Inzwischen ist erforscht, wo und wie Cyclosporin A, Azathioprin und Prednisolon in die Immunkaskade eingreifen, insbesondere wie es dem Cyclosporin gelingt, die T-Lymphozyten selektiv zu beeinflussen. Cyclosporin hemmt die Produktion von Interleukin 2, sodass zwar Fremdantigene erkannt werden, die Immunantwort aber ausbleibt oder zumindest stark reduziert wird. Dieser Vorgang ist aber reversibel: Unterlässt es ein Transplantierter, Cyclosporin einzunehmen, lösen die T-Lymphozyten die Immunantwort gegen das Transplantat aus und die gefürchtete Abstoßungsreaktion (Abb.1) beginnt. Anders als GCs und AZA wirkt Cyclosporin sehr spezifisch und blockiert intrazelluläre Signalprozesse in den T-Lymphozyten, d. h. die Genexpression verschiedener Cytokinine, besonders von Interleukin 2, wird selektiv verhindert.


Abb. 3: Cordyceps submilitaris. Hauptfruchtform auf Insektenlarven aus Brasilien.

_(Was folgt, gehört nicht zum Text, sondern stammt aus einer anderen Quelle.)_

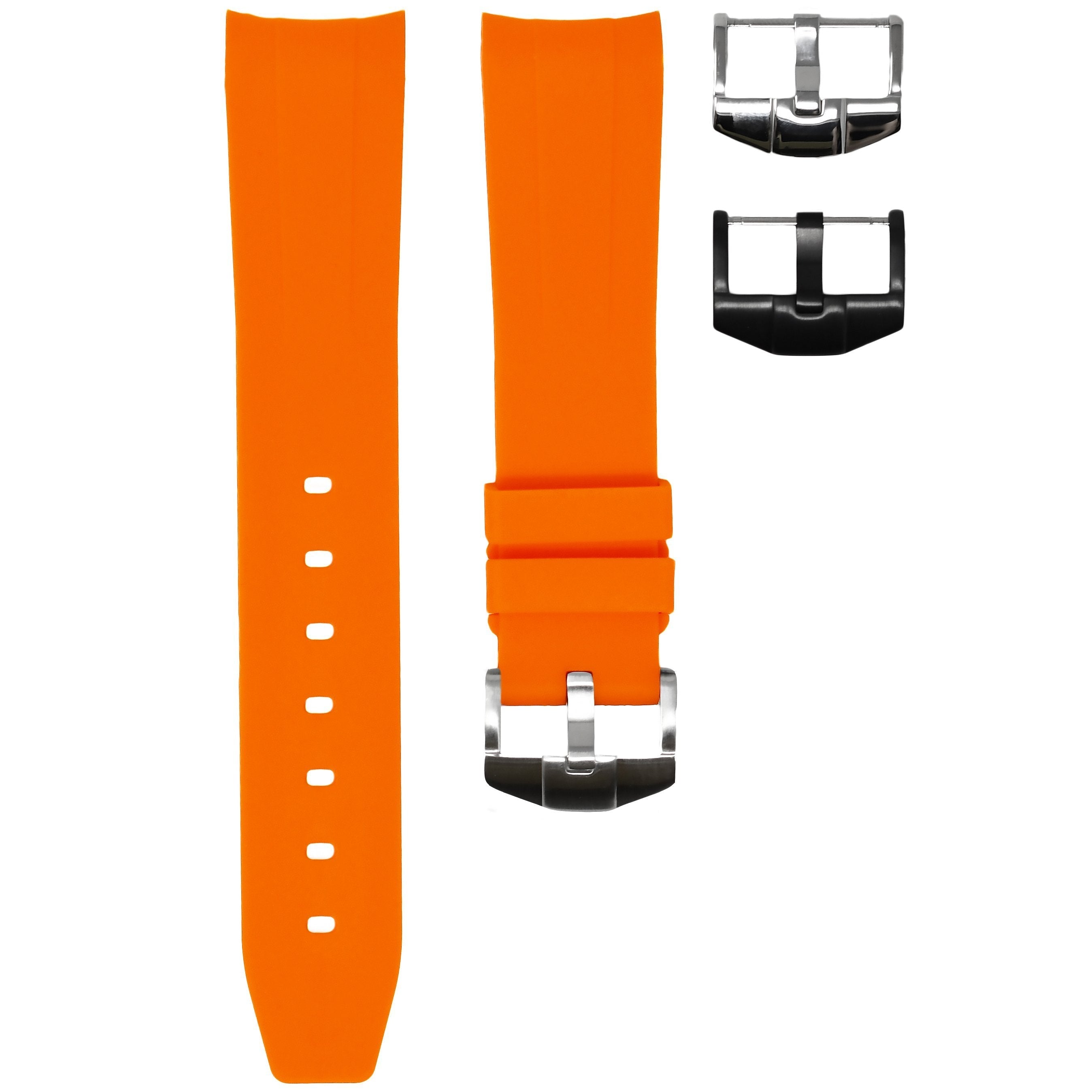 Image of RUBBER STRAP FOR OMEGA X SWATCH MOONSWATCH - TANGERINE  g . M W v -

Es war eine wissenschaftliche Sensation, als es vor vier Jahren einer an der Cornell University und am US Department of Agriculture in New York tätigen Arbeitsgruppe gelang, das rätselhafte Tolypocladium inflatum besser zu verstehen. Gams und die Arbeitsgruppe in Basel kannten bislang nur die Nebenfruchtform und vermehrten den inzwischen an vielen Standorten bekannten Bodenpilz als Myzel bzw. durch Conidiosporen (Abb. 2). Nun fanden Studenten auf einer Exkursion in der Nähe von New York seltsame Gebilde auf Käferlarven; durch Kulturversuche stellte sich in weiterer Folge heraus, dass diese makroskopisch sichtbare Hauptfruchtform von Cordyceps subsessilis zu Tolypocladium inflatum gehört und bereits jahrzehntelang bekannt war. Auch konnte der Nachweis erbracht werden, dass die Hauptfruchtform ebenfalls Cyclosporin produziert und in den Insektenkörper abgibt. Noch ist es allerdings Spekulation, ob Cordyceps auch auf lebenden Insekten vorkommt und vielleicht Cyclosporin nutzt, um in den Metabolismus des Tieres einzugreifen. Denn bis heute ist rätselhaft, welche Rolle dieses exotische Molekül im Stoffwechsel des Pilzes spielt.

Information

Die „grüne” Schatzkammer der Freien Universität
Die Zentraleinrichtung Botanischer Garten und das Botanische Museum Berlin-Dahlem (BGBM) ist ein international bedeutender Aufbewahrungsort von botanischem Material. Sie ist die „grüne” Schatzkammer der Freien Universität Berlin. Die Bestände der wissenschaftlichen Sammlungen des BGBM stammen aus mehreren Jahrhunderten und aus allen Teilen der Welt. Selbst für dort seit vielen Jahren tätige Botaniker erweisen sie sich bisweilen als wahre Fundgrube für neue wissenschaftliche Erkenntnisse. So auch für Prof. Dr. Lack, den Autor des vorherigen Beitrags über den Pilz Tolypocladium inflatum und seinen Entdecker Gams, den er persönlich kennt. Als er vor vier Jahren von den aufsehenerregenden neuen Forschungsergebnissen amerikanischer Wissenschaftler über den Stoffwechsel des Pilzes erfuhr, machte er sich sofort auf die Suche nach Material in den Sammlungen des BGBM und entdeckte zahlreiche Cordyceps-Proben. Die Abbildung 3 zeigt eine Probe aus Brasilien.